Return only the lines of the data below from the line with "GLI ARANCINI DI MONTALBANO" up to and including the line with "2019 CAN-AM MAVERICK", exactly as written, with the pictures omitted.

Scraped caption text data:
"""
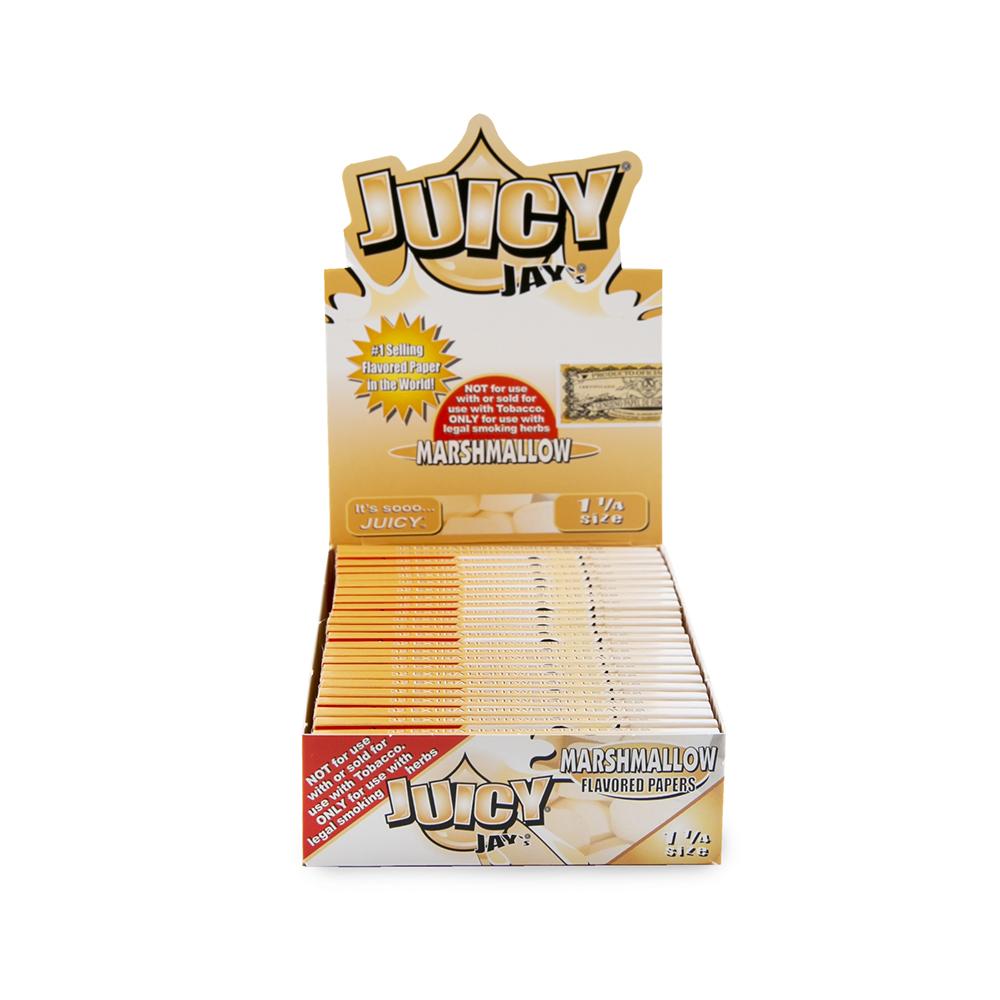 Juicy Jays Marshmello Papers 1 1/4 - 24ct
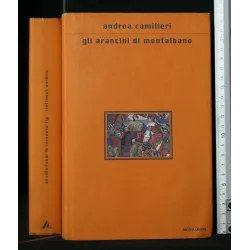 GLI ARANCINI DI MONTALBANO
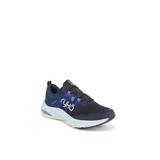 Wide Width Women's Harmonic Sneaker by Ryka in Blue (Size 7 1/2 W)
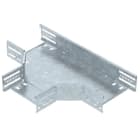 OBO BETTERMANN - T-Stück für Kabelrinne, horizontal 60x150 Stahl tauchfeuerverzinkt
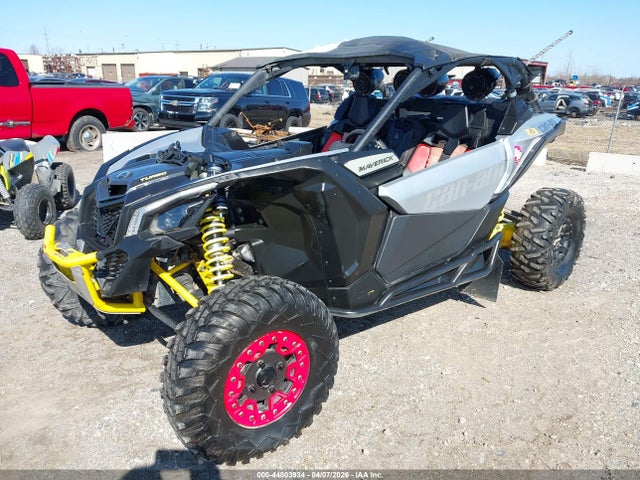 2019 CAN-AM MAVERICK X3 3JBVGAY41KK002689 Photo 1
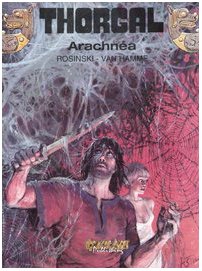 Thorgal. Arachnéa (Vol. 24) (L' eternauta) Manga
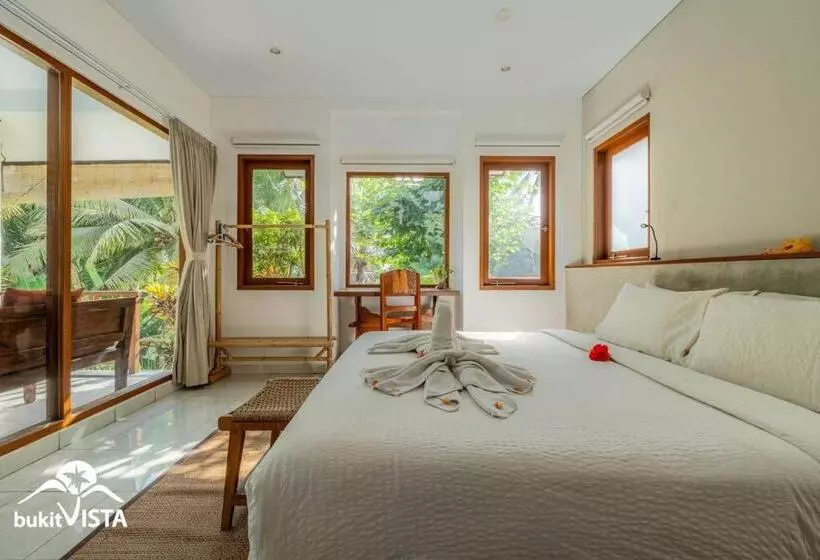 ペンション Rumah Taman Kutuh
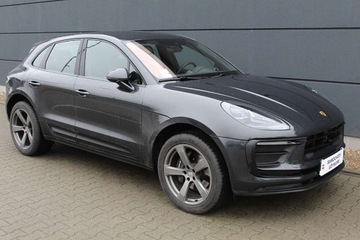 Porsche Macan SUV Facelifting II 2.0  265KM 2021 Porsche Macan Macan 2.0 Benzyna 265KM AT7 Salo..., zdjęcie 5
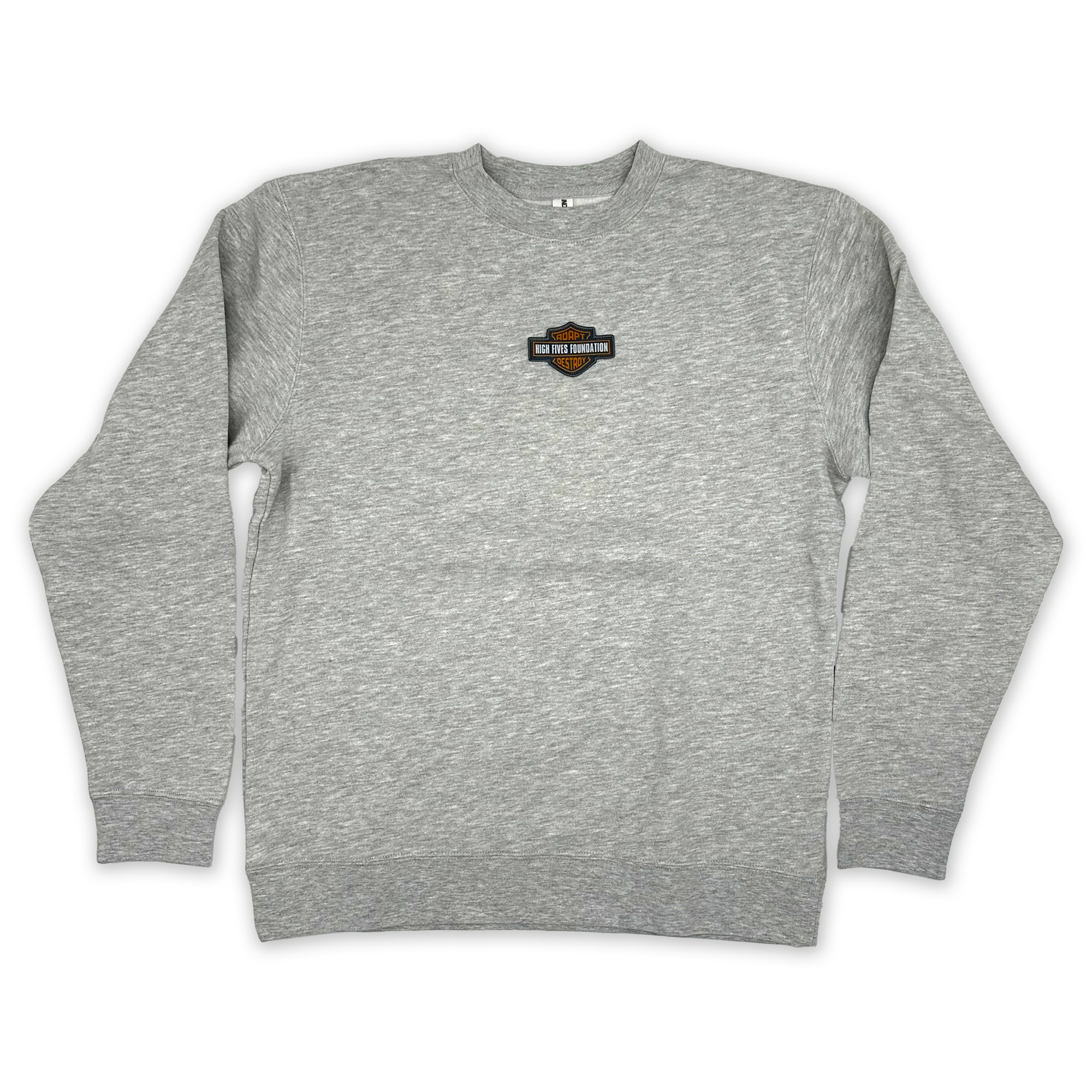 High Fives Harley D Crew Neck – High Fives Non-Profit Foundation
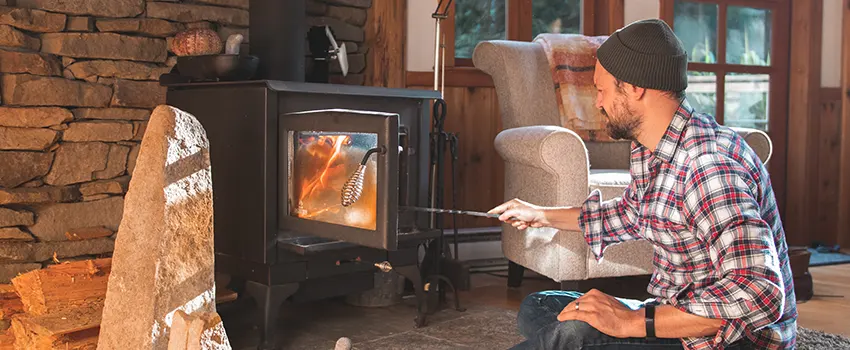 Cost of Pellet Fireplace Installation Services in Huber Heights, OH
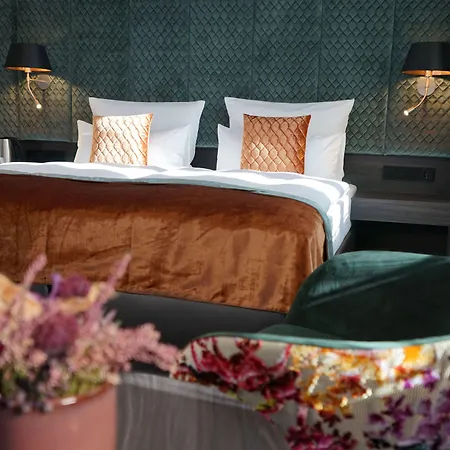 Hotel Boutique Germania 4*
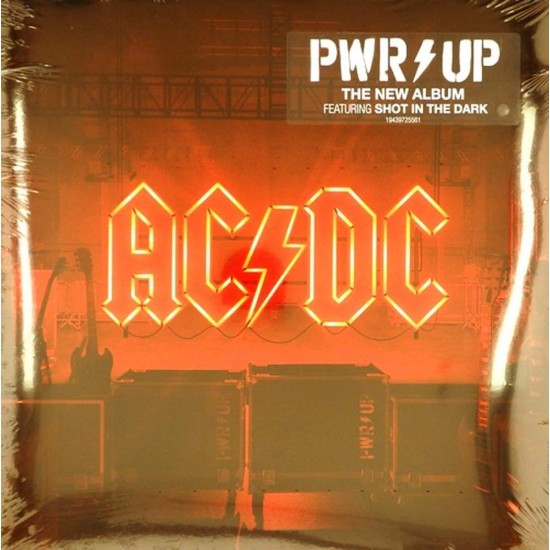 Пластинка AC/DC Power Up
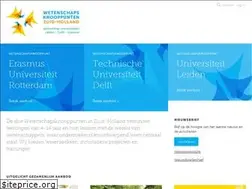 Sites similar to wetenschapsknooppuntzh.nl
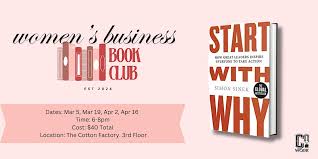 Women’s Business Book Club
"""
*Task solution:*
 GLI ARANCINI DI MONTALBANO
 Wide Width Women's Harmonic Sneaker by Ryka in Blue (Size 7 1/2 W)
 OBO BETTERMANN - T-Stück für Kabelrinne, horizontal 60x150 Stahl tauchfeuerverzinkt
 2019 CAN-AM MAVERICK X3 3JBVGAY41KK002689 Photo 1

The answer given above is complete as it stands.